Apollo Group Inc., the nation’s largest for-profit college chain and owner of the online University of Phoenix, said Aug. 2 that it has agreed to acquire Carnegie Learning Inc., a publisher of research-based math curricula, for $75 million.
In a separate transaction, Apollo said it will acquire related technology from Carnegie Mellon University for $21.5 million, payable over a 10-year period.
The acquisitions allow Apollo to accelerate its efforts to incorporate adaptive learning into its academic platform and to provide tools to help raise student achievement in mathematics, which supports improved retention and graduation rates, the company said.

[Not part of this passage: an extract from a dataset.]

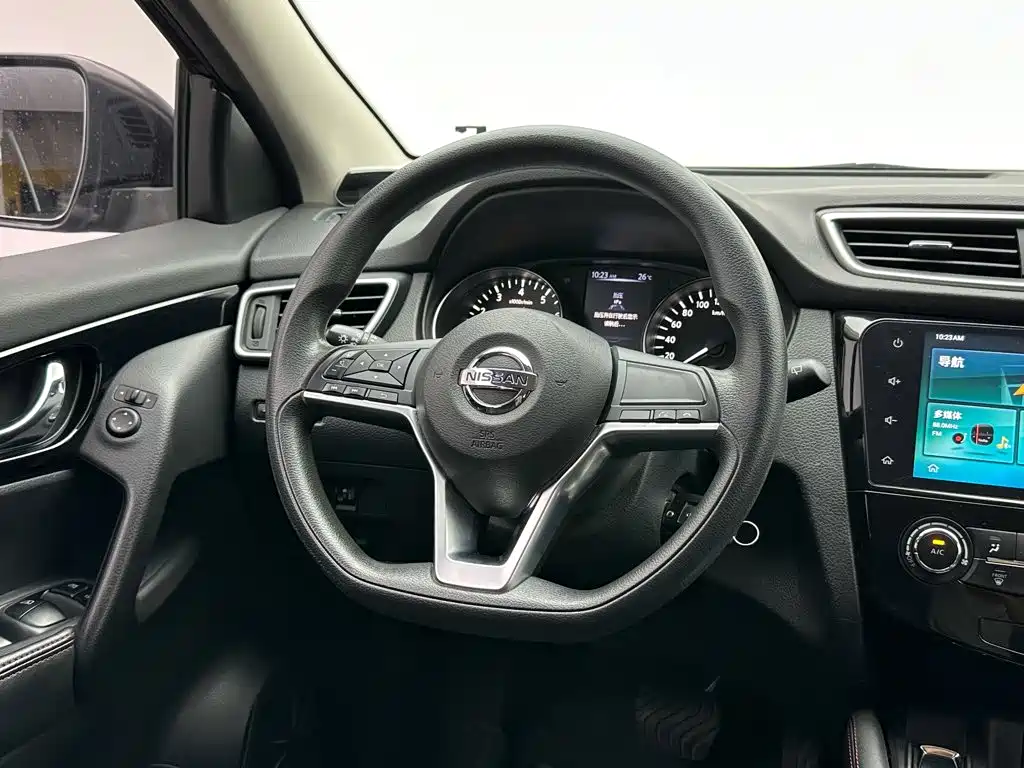Nissan Qashqai — миниатюра 22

Apollo’s holdings include the University of Phoenix, the nation’s largest online college. Carnegie Learning will operate as a subsidiary of Apollo Group.
Apollo anticipates the acquisitions will add value over the long term, but they’ll result in charges of 7 cents per share to 9 cents per share to earnings in fiscal 2012. The acquisitions are expected to be completed during the first quarter of fiscal 2012.
Carnegie Learning’s Cognitive Tutor software, used by districts such as Chicago Public Schools, follows students’ actions within the software to determine each student’s strategy in solving a problem. Each action the student takes is associated with one or more skills, which are references to knowledge components within the cognitive model. The performance of individual students in these skills is tracked over time (and displayed to students in the software’s “skillometer”).
Then, the software uses each student’s skill profile to pick problems that emphasize the skills on which the student is weakest. When the program determines that all the skills in a section of the curriculum have been mastered sufficiently, the student can move on to the next section of curriculum, which introduces new skills.